The race can be seen on main by running the following example test command: go test -count 10 -race -v -race -run TestServer_Reload_TLSConnections_PlaintextToTLS ./"nomad"

race example output
==================
WARNING: DATA RACE
Write at 0x00c000e7c270 by goroutine 335:
github.com/hashicorp/nomad/nomad.(*Server).reloadTLSConnections()
    /Users/jrasell/Projects/go/nomad/nomad/server.go:696 +0x3f0
github.com/hashicorp/nomad/nomad.TestServer_Reload_TLSConnections_PlaintextToTLS()
    /Users/jrasell/Projects/go/nomad/nomad/server_test.go:246 +0x2c4
testing.tRunner()
    /Users/jrasell/.asdf/installs/golang/1.25.4/go/src/testing/testing.go:1934 +0x164
testing.(*T).Run.gowrap1()
    /Users/jrasell/.asdf/installs/golang/1.25.4/go/src/testing/testing.go:1997 +0x3c

Previous read at 0x00c000e7c270 by goroutine 418:
github.com/hashicorp/nomad/nomad.(*rpcHandler).handleConn()
    /Users/jrasell/Projects/go/nomad/nomad/rpc.go:304 +0x36c
github.com/hashicorp/nomad/nomad.(*rpcHandler).listen.gowrap2()
    /Users/jrasell/Projects/go/nomad/nomad/rpc.go:238 +0x64

Goroutine 335 (running) created at:
testing.(*T).Run()
    /Users/jrasell/.asdf/installs/golang/1.25.4/go/src/testing/testing.go:1997 +0x6e0
testing.runTests.func1()
    /Users/jrasell/.asdf/installs/golang/1.25.4/go/src/testing/testing.go:2477 +0x74
testing.tRunner()
    /Users/jrasell/.asdf/installs/golang/1.25.4/go/src/testing/testing.go:1934 +0x164
testing.runTests()
    /Users/jrasell/.asdf/installs/golang/1.25.4/go/src/testing/testing.go:2475 +0x734
testing.(*M).Run()
    /Users/jrasell/.asdf/installs/golang/1.25.4/go/src/testing/testing.go:2337 +0xaf4
main.main()
    _testmain.go:2003 +0x100

Goroutine 418 (running) created at:
github.com/hashicorp/nomad/nomad.(*rpcHandler).listen()
    /Users/jrasell/Projects/go/nomad/nomad/rpc.go:238 +0x530
github.com/hashicorp/nomad/nomad.(*Server).startRPCListener.gowrap1()
    /Users/jrasell/Projects/go/nomad/nomad/server.go:583 +0x48
==================

Some very quick benchmarks suggest the use of atomics within the RPC handler will perform as well as the current implementation:

$ go test -bench=. -benchmem
goos: darwin
goarch: arm64
pkg: github.com/jrasell/dev-mess
cpu: Apple M2 Pro
Benchmark_atomicBool-12       	601869178	         1.948 ns/op	       0 B/op	       0 allocs/op
Benchmark_nonAtomicBool-12    	591709046	         2.019 ns/op	       0 B/op	       0 allocs/op
PASS
ok  	github.com/jrasell/dev-mess	2.564s

Links

Contributor Checklist

  • Changelog Entry If this PR changes user-facing behavior, please generate and add a
    changelog entry using the make cl command.
  • Testing Please add tests to cover any new functionality or to demonstrate bug fixes and
    ensure regressions will be caught.
  • Documentation If the change impacts user-facing functionality such as the CLI, API, UI,
    and job configuration, please update the Nomad product documentation, which is stored in the
    web-unified-docs repo.

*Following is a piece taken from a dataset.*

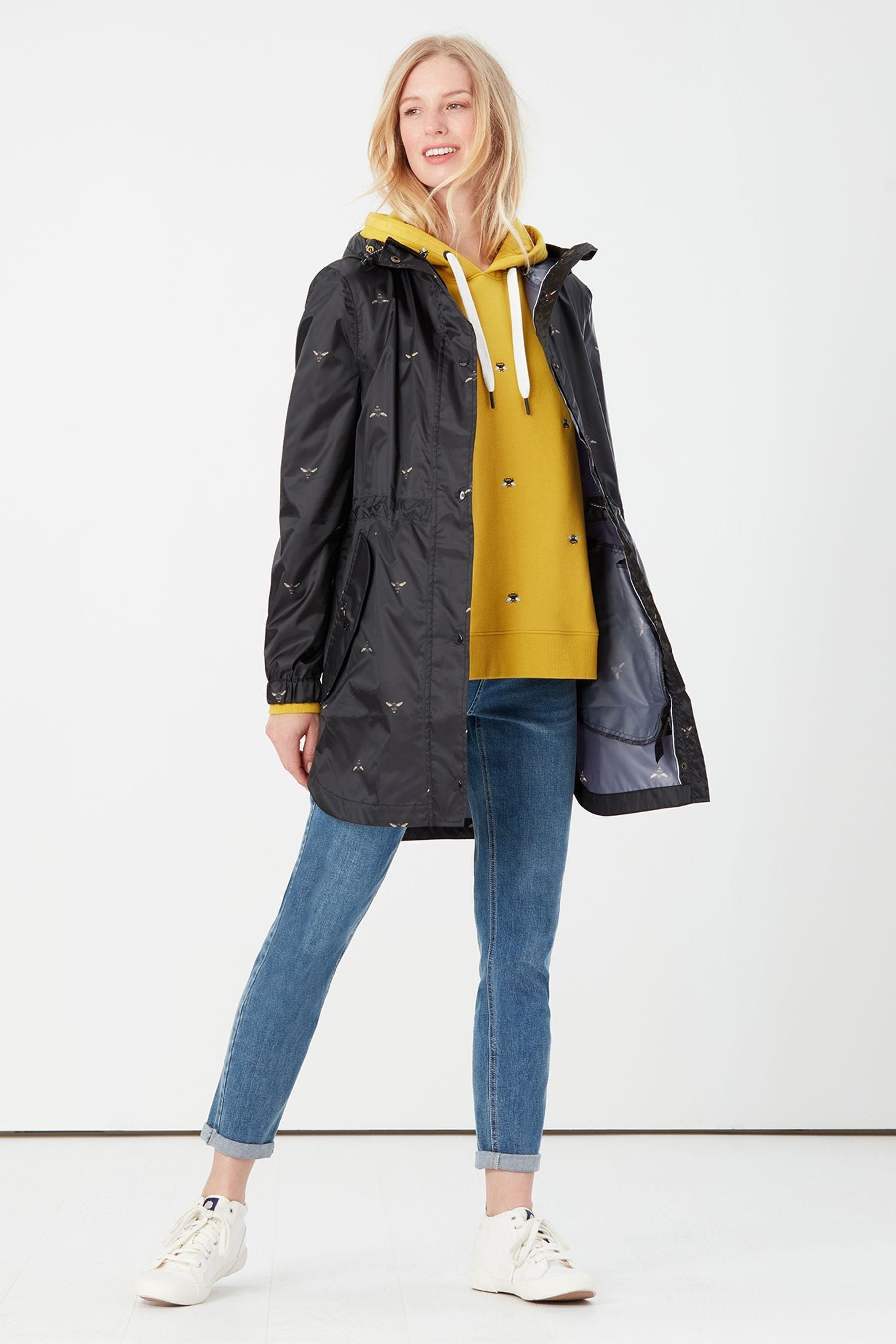 Buy Joules Golightly Raincoat from Next Austria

Refer to the web-unified-docs contributor guide for docs guidelines.
    Please also consider whether the change requires notes within the upgrade
    guide
    . If you would like help with the docs, tag the nomad-docs team in this PR.

Reviewer Checklist

  • Backport Labels Please add the correct backport labels as described by the internal
    backporting document.
  • Commit Type Ensure the correct merge method is selected which should be "squash and merge"
    in the majority of situations. The main exceptions are long-lived feature branches or merges where
    history should be preserved.
  • Enterprise PRs If this is an enterprise only PR, please add any required changelog entry
    within the public repository.

The Nomad server agent can perform configuration reloads of
certain items, notably the TLS configuration when it is sent a
SIGHUP signal. If the TLS configuration has changed, the server
will overwrite the existing in-memory config object and reload
its TLS connections.

The RPC connection handler reads two values from the in-memory
TLS configuration in order to understand how to correctly handle
incoming TLS connections. This can cause a data race condition
with the config reload where the config is written at the same
time RPC handler reads the boolean values.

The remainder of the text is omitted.